Top of Exercise materials
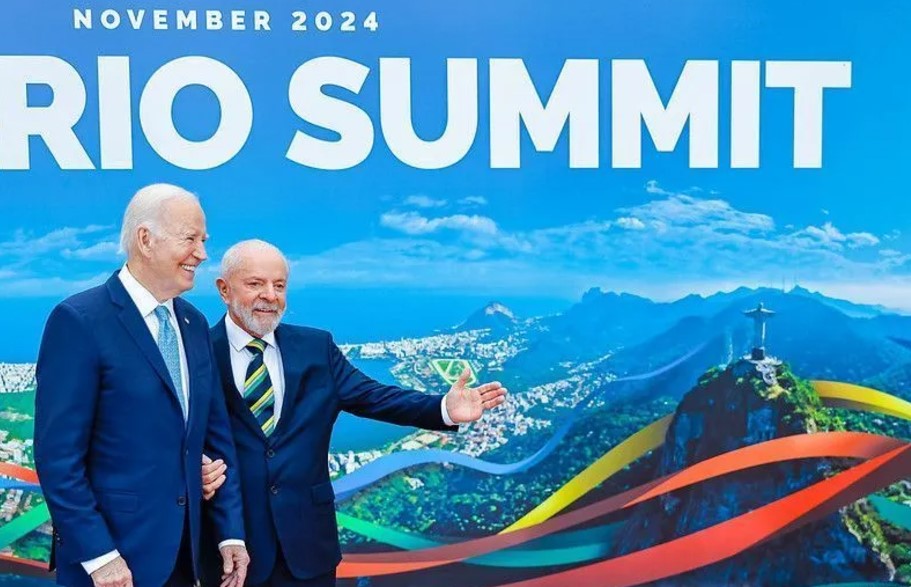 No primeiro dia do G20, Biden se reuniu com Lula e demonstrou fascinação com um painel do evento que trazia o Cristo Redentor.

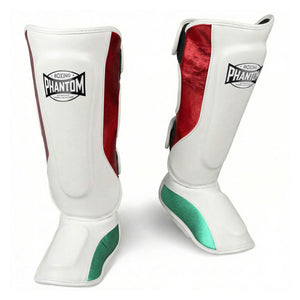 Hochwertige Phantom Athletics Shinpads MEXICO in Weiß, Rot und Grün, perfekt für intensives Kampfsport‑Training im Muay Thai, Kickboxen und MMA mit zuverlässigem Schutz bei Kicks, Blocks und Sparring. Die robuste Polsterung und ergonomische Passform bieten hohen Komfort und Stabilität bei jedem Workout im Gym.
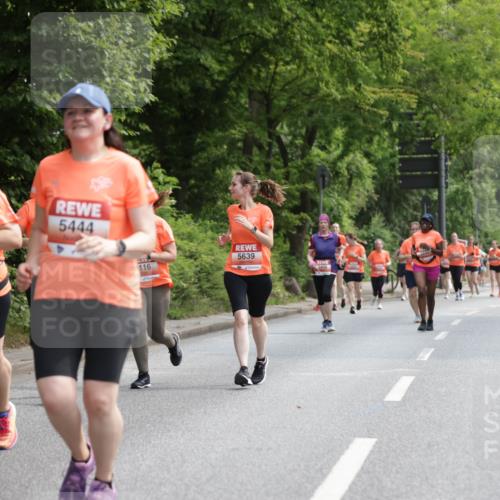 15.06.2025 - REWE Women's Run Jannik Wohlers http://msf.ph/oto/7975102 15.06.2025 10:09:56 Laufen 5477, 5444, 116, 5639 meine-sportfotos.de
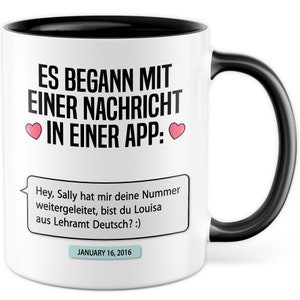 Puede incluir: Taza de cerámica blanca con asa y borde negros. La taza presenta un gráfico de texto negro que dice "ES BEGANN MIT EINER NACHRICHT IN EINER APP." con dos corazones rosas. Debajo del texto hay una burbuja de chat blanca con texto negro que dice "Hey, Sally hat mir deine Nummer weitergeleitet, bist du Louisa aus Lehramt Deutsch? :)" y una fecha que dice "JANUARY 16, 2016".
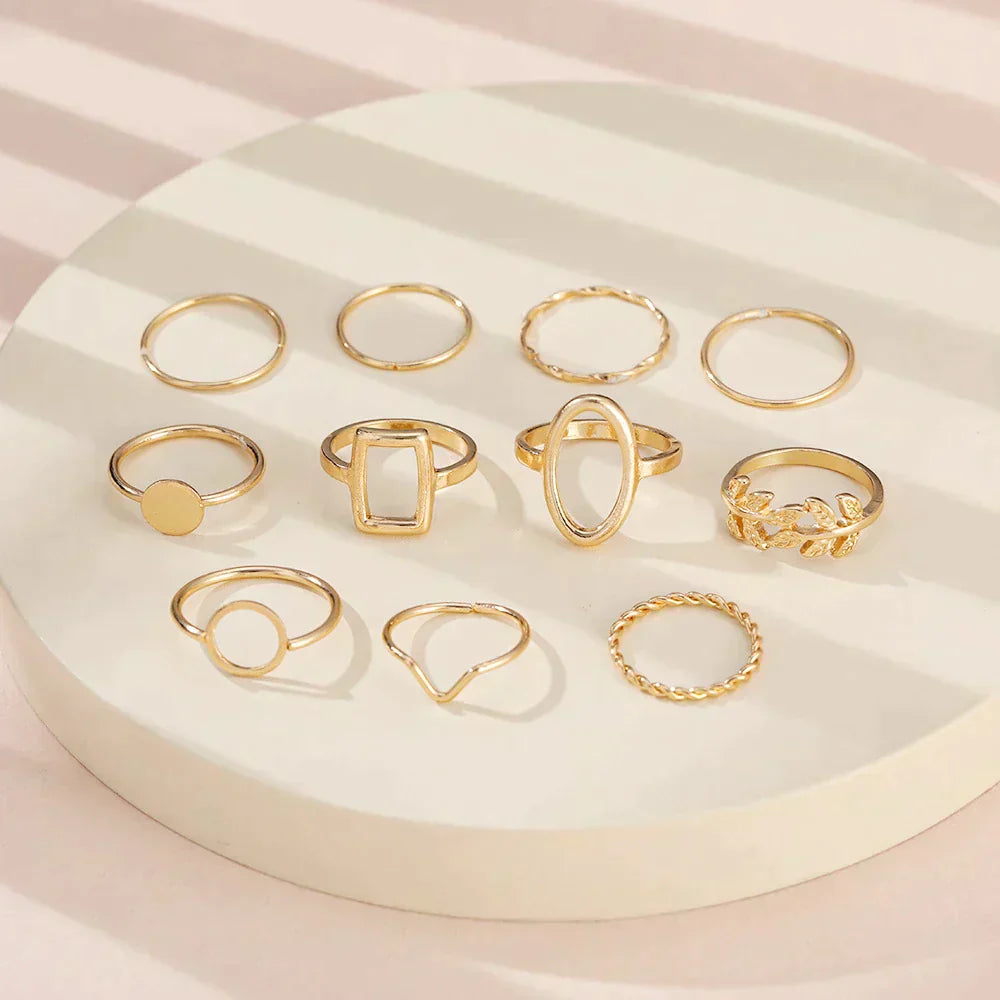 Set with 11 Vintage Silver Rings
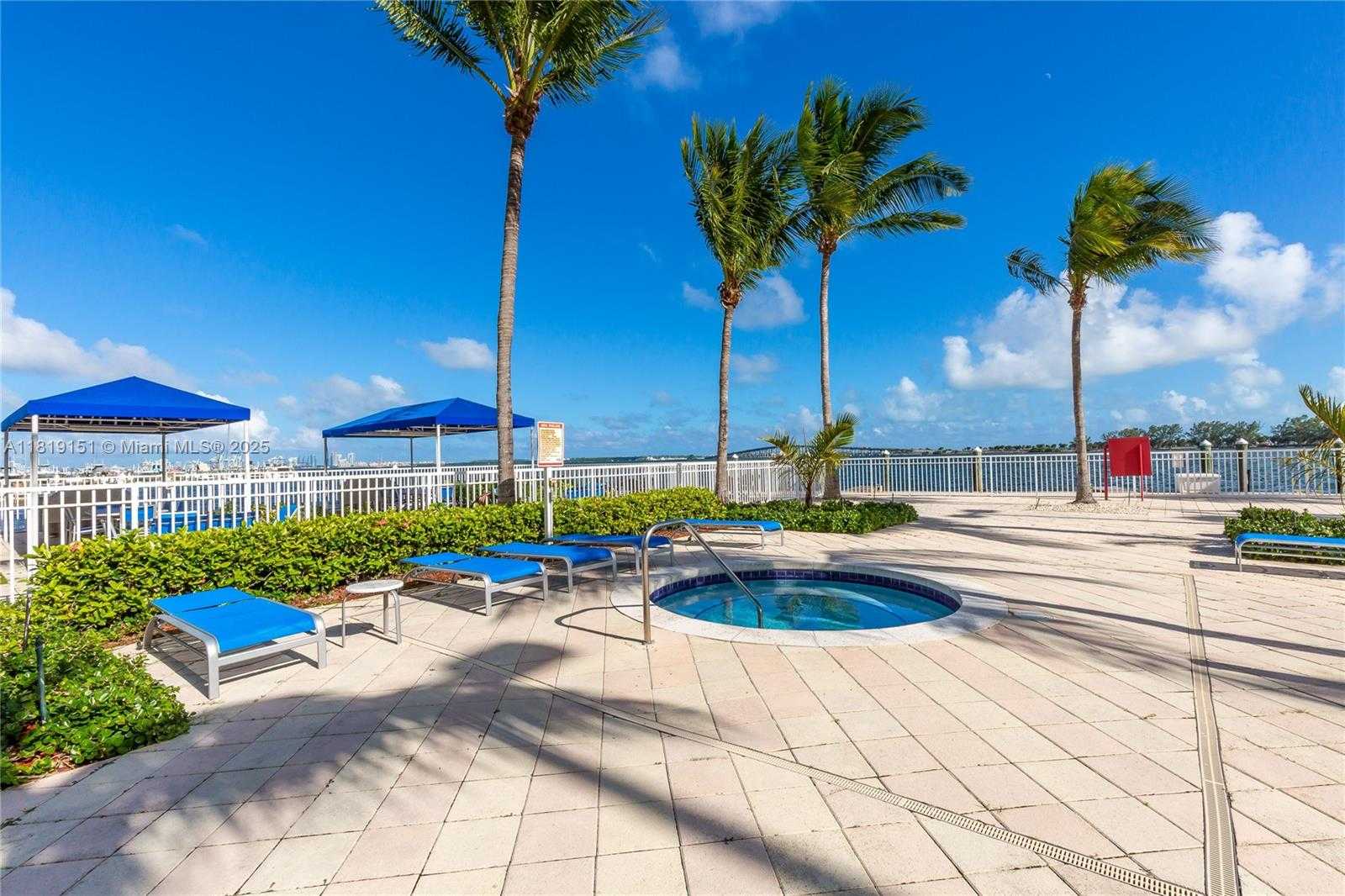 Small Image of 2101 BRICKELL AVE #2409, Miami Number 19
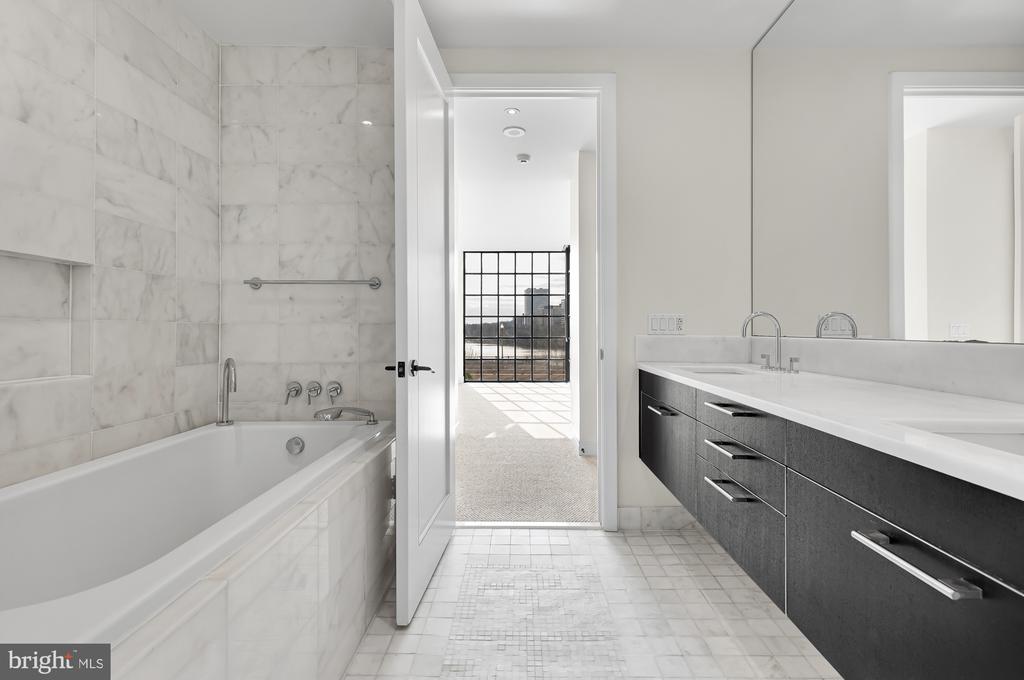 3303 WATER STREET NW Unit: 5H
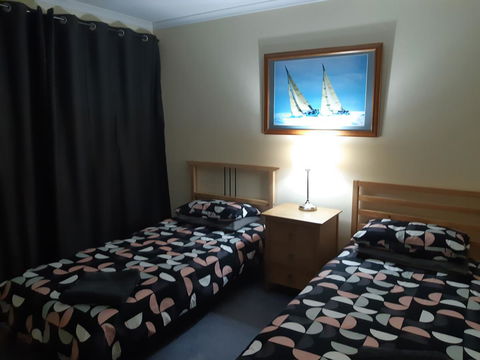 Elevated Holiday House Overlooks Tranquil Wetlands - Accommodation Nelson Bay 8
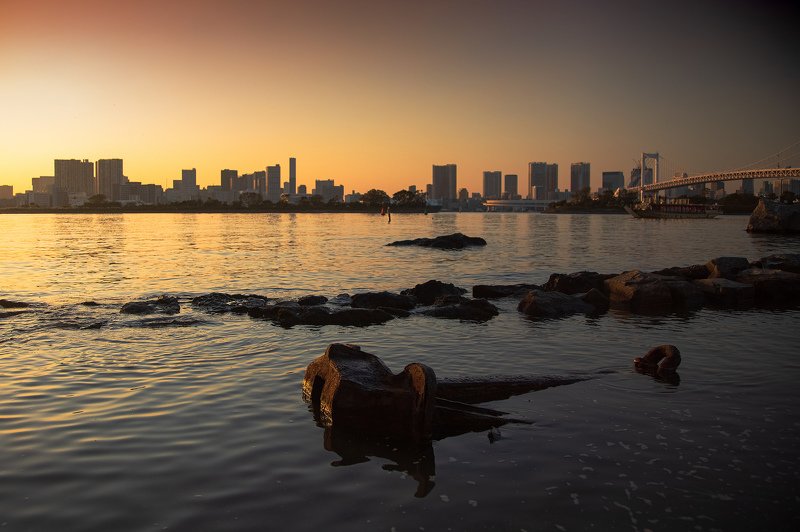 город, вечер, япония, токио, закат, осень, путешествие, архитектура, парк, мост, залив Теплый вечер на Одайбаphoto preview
Bottom of Exercise materials
All lines from the start of the entries above through the line containing "15.06.2025 - REWE" must be transcribed exactly, both ends included, and no picture may be copied.

 No primeiro dia do G20, Biden se reuniu com Lula e demonstrou fascinação com um painel do evento que trazia o Cristo Redentor.

 Hochwertige Phantom Athletics Shinpads MEXICO in Weiß, Rot und Grün, perfekt für intensives Kampfsport‑Training im Muay Thai, Kickboxen und MMA mit zuverlässigem Schutz bei Kicks, Blocks und Sparring. Die robuste Polsterung und ergonomische Passform bieten hohen Komfort und Stabilität bei jedem Workout im Gym.
 15.06.2025 - REWE Women's Run Jannik Wohlers http://msf.ph/oto/7975102 15.06.2025 10:09:56 Laufen 5477, 5444, 116, 5639 meine-sportfotos.de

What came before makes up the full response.